The old saying “Better to marry a widow than a divorced woman” (ning qu gua fu, bu qu sheng qi) captures a harsh moral code that long governed women’s lives. Literally, it urges a man to prefer a widow over a sheng qi—a wife still alive but cast off. In traditional society, a sheng qi was widely assumed to be at fault and thus disgraced.
This bias grew from women’s low status under Confucian norms, especially the Three Obediences and Four Virtues: obedience to father before marriage, husband during marriage, and son after a husband’s death, with virtue, modest speech, proper appearance, and domestic skill as measures of worth.
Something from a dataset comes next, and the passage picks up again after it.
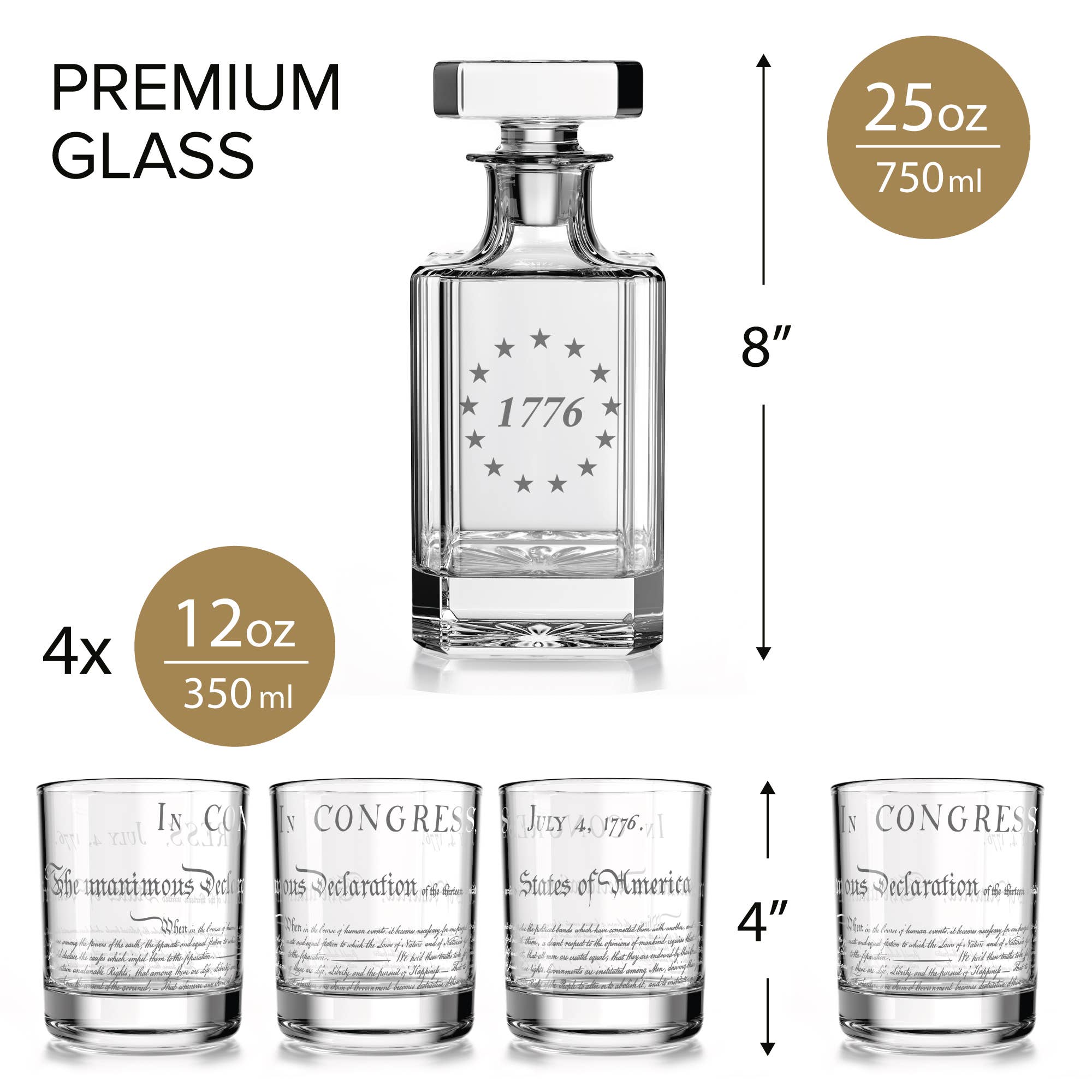 Old Southern Brass - Wholesale Decanter - 1776 Betsy Ross American Flag Decanter Whiskey Glass Set4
Divorce in antiquity was rarely mutual; men alone held the right to end a union, a practice called xiu qi. He li (mutual separation) was deemed humiliating for men and seldom accepted.
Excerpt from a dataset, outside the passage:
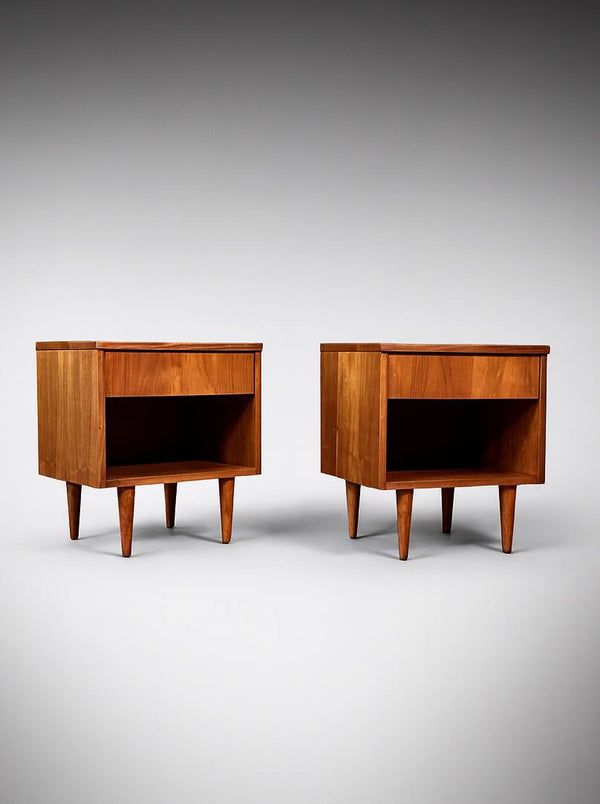 Pair of Mid-Century Modern Walnut Night Stands w/ Bookcase, c.1960’s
Legalistic norms allowed a husband to divorce only under the Seven Misconducts (qi chu)—disrespect for parents-in-law, childlessness, adultery, jealousy, loquacity, grave illness, or theft—while the Three Restraints barred divorce in cases of no surviving parents, completed mourning, or proven support in poverty. With no recognition of modern “irreconcilable differences,” a sheng qi was presumed guilty by default.
By contrast, widows who remained chaste and raised children alone were praised for loyalty and virtue, a cultural logic that fostered the old preference. Ultimately, these attitudes reflected deep gender inequality. In today’s era of growing equality, women can initiate divorce, pursue economic independence, and build their own lives, and the stigma once attached to sheng qi has faded.